LONDON (Reuters) - Imperial Brands (>> Imperial Brands PLC), the world's fourth-biggest tobacco company, is accelerating its cost-savings drive and pouring some of the benefits into marketing key brands as it faces the prospect of a greatly enlarged competitor.

The maker of Winston, Gauloises and other cigarettes said it plans to spend 750 million pounds over the next three years to make the business more streamlined and efficient. The effort should result in additional savings of 300 million pounds each year by 2020.

Imperial also said it would spend 300 million this year on growth opportunities in some of its top markets.

But spending more will dent its profit, taking 2017 earnings growth below its medium-term target of 4 to 8 percent. It should return to growth in that range from 2018, it said.

The increased investment comes as larger rival British American Tobacco (>> British American Tobacco plc) has proposed a $47 billion buyout of Reynolds American (>> Reynolds American, Inc.), which would make it the biggest international tobacco company and could spark further deals in an industry that is shrinking as more people quit smoking.

Imperial got a boost last year from its $7 billion purchase of some Reynolds brands. The move sharply increased its exposure to the lucrative U.S. market.

"We're building a stronger high-quality business," Chief Executive Alison Cooper said.

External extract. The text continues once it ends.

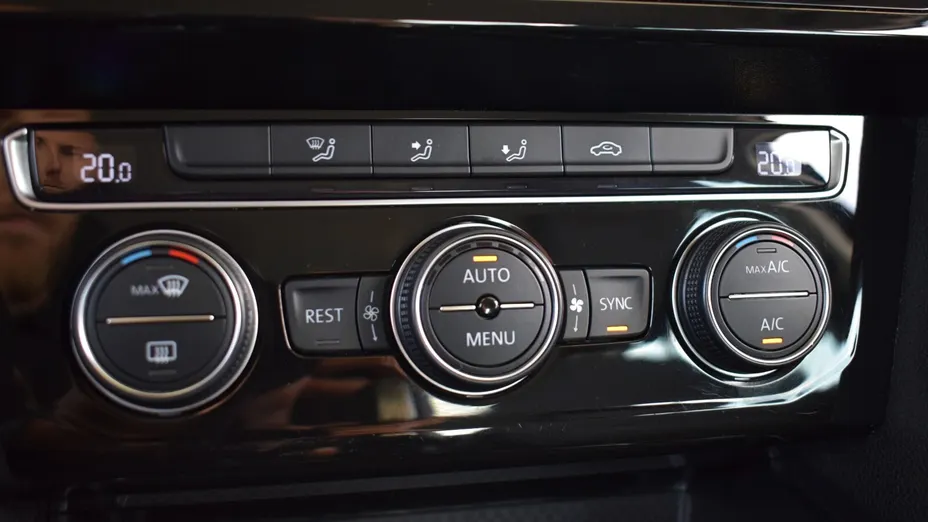 VOLKSWAGEN Passat Passat 2.0 TSI Business DSG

The weak British pound should benefit earnings by around 14 percent in the 2017 financial year, the UK-based company said, since the vast majority of its profits come from overseas.

The company said it remains committed to raising its dividend by at least 10 percent.

Imperial shares were down 2.9 percent at 0949 GMT.

For the just-ended financial year, Imperial reported higher adjusted sales and profit, helped by the acquisition of brands in the United States and a weaker British currency.

The company said net revenue of its tobacco business rose 9.7 percent to 7.17 billion pounds. Adjusted operating profit rose 10.4 percent to 3.5 billion pounds.

Part of the company's simplification strategy involves reducing the number of brands it sells. It is aiming to have around 125 brands or less, down from 184 now.